Quelqu'un qui souffre du SPP peut être parano tout comme il peut faire confiance aveuglément.
Je pense que lorsqu'il ne se croit pas digne d'amour il sombre dans la paranoïa. Le manque de confiance
en soi est à la base du problème.
Ce manque de confiance en soi peut aussi se traduire de façon complètement opposée. En effet au
milieu de la souffrance il peut prendre son rêve d'être aimé de tous pour la réalité, c'est le moment de
la confiance aveugle, plus personne ne peut lui vouloir du mal. C'est encore le manque de confiance en
soi qui est à l'origine de ce rêve d'être tant aimé.
Je pense aussi que le jugement catégorique est plus simple que de chercher à comprendre quelqu'un.
Voir l'autre tout bon ou tout mauvais évite de trop réfléchir lorsque la peur a pris le pas sur la raison.
La peur empêche de réfléchir, fausse le jugement.
Le voir tout blanc après une action qui nous a plu permet de ne pas avoir peur de lui, et c'est le moment
de la confiance aveugle, de l'idéalisation.
Le voir tout noir si quelque chose en lui nous déplaît fait terriblement souffrir. C'est le moment de la
paranoïa incontrôlable. Si celui que nous prenions pour un ange est capable d'une action mauvaise (ou
du moins interprétée comme telle), alors nous pensons que c'est un diable et que nous l'avions tout
d'abord trop bien jugé.
"Je pensais bien que c'était impossible qu'un ange m'aime, moi (toujours le manque de confiance en
soi). C'est en fait un diable qui me veut du mal."
Oui nous l'avions trop bien jugé mais non il n'est pas pour autant un diable!

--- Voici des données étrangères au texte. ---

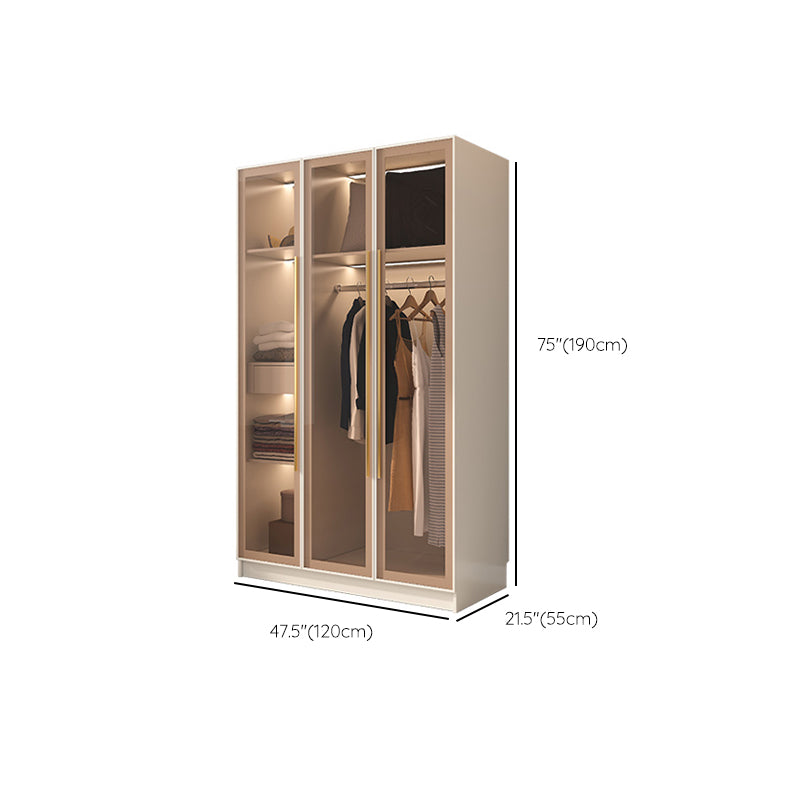 Glass and Wood Wardrobe Cabinet with Shelves Modern Wardrobe Closet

Se dire que personne n'est parfait sur Terre, et qu'il n'y a pas non plus de démon parmi les hommes
peut aider à sortir de ce clivage.
Parmi les hommes il n'y a ni ange ni démon. Nous sommes tous entre les deux, plus d'un côté que de
l'autre selon les jours et les personnes.
Il est aussi important de travailler sur la confiance en soi
(voir page "Confiance en soi").
Nous avons parfois besoin de la confiance des autres pour croire en nous. La confiance que les
autres nous accordent a son importance dans la construction de la confiance en soi. Nous nous jugeons
souvent à la lumière de ce que d'autres pensent de nous. S'expliquer lorsque les autres se trompent sur
nos intentions peut éviter des drames.
Il peut être difficile pour quelqu'un qui souffre du SPP d'obtenir toute la confiance qu'il mérite.
Pourtant il a lui aussi besoin de la force qu'apporte la confiance des autres. Il est alors indispensable
qu'il s'explique pour enrayer ce mal.
Ceci dit, si la confiance en soi est alimentée en trop grande partie par le regard positif des autres
sur soi, le danger est grand de vouloir être irréprochable pour plaire, et de ne se croire quelqu'un qu'à
ce prix impossible à payer. Il n'y a pas de pire esclavage psychologique. Et pas de pire cercle vicieux
pour perdre confiance en soi !
Accepter de ne pas être parfait, accepter ses limites et s'aimer comme on est, voilà le fondement de la confiance en soi.
Et pouvoir déplaire sans en être bouleversé prouve que la confiance en soi est bien présente.
La paranoïa peut venir directement de ce sentiment d'esclavage : je dois être parfait, plaire à tout prix
pour parvenir à me croire quelqu'un. Perfectionnisme.
Je crois que c'est à cause de l'autre que je suis obligé d'être parfait alors que c'est mon manque de
confiance en moi qui m'y oblige, et je m'enferme dans cette prison où je n'agis plus librement.
C'est sûr qu'il y a le risque de devenir parano.